Calls to clean up Kings Cross
NSW Premier Barry O’Farrell has come under renewed pressure to help put an end to alcohol-fuelled violence on the streets of Kings Cross following a deadly unprovoked attack on a teenager on what was his first ever visit to the famous entertainment district.
The senseless attack on 18-year-old Thomas Kelly on Victoria Street just after 10pm on Saturday, July 7 has led to many within the local community calling for change, with statistics showing on average there are 40 assaults, fights or other serious incidents of anti-social behaviour every Friday and Saturday night in Kings Cross.
A few nights after Kelly’s bashing, a 40-year-old Darlinghurst man was arrested after he ‘glassed’ another patron inside a Kings Cross hotel.
While there are plans for more CCTV in the area, local business groups as well as City of Sydney are calling for the urgent formulation of a state co-ordinated management plan involving transport and police for weekends similar to those that operate during major events.
Lord Mayor Clover Moore was also joined by the Australian Hotels Association president Paul Nicolaou last Friday to call for better public transport options as well as the immediate introduction of a late night sprint train that would take crowds from Kings Cross to Town Hall where buses would be waiting to take them home.
“It’s time for the Premier to use his power to make real change at the Cross possible,” Moore said.
“The City of Sydney is taking action in areas where we have responsibility and we want the NSW Government to take action, including changing laws, in the areas they are responsible such as licensing, transport, policing, environmental protection and most importantly the cumulative impact of too many venues in one area, such as in Kings Cross.”

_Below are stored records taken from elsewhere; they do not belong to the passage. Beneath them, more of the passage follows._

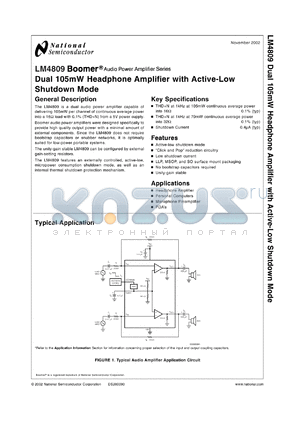 LM4809MMX datasheet - LM4809 Dual 105mW Headphone Amplifier with Active-Low Shutdown Mode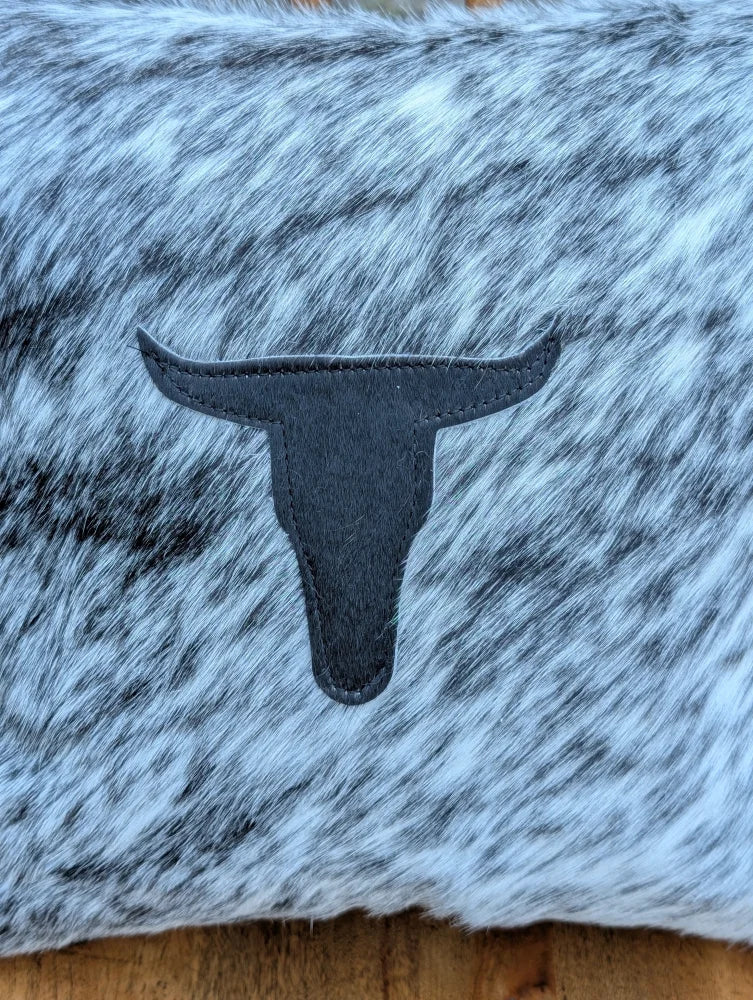 Black leather texas longhorn skull patch on gray and white double sided cowhide cushion by mini moo double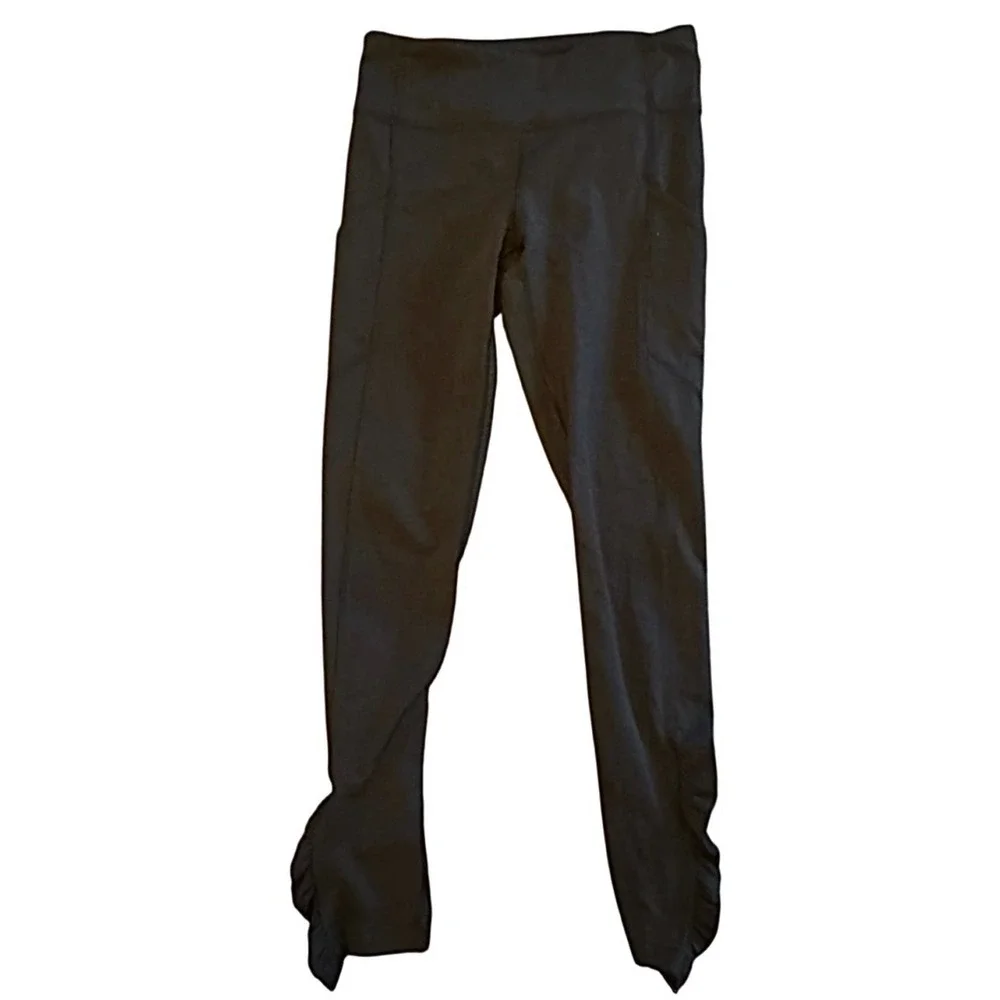 Lululemon High Rise Ruched‎ Ruffle Ankle Leggings Black Size 4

Police have also been forced to defend their ability to enforce the law in the area on weekend nights, saying resources have to be spread across the entire city.
Assistant Police Commissioner Mark Murdoch said the reasons behind the continuing violence were already well known to the State Government and included an oversaturation of licensed venues, questionable operating hours, poor public transport as well as a minority of young men who “go out with the intention of belting someone”.
“We get all these people up to Kings Cross and they stay there because the places stay open and then we turn the transport off,” Murdoch added.
“We can get them there but we can’t get them out and there is just no motivation for people to leave the area and go home.”
Adrian Bartels, president of the Potts Point Partnership business group said although he agreed there were too many licensed venues it was more important for a proper plan to be put in place to deal with the large amounts of people who came into the area on the weekend.
“So it’s no surprise that there’s violence in the streets when you’ve got 25,000 to 30,000 people inebriated to various degrees on drugs and alcohol, spilling out of the clubs where there’s no transport, too few police and no co-ordination of anything,” he told reporters.
“We should be looking to Berlin, Paris and London for ideas.”
Last month, the NSW Government announced that a freeze on new liquor licences in entertainment precincts would be extended for six months to help complete a density study due for release later this year.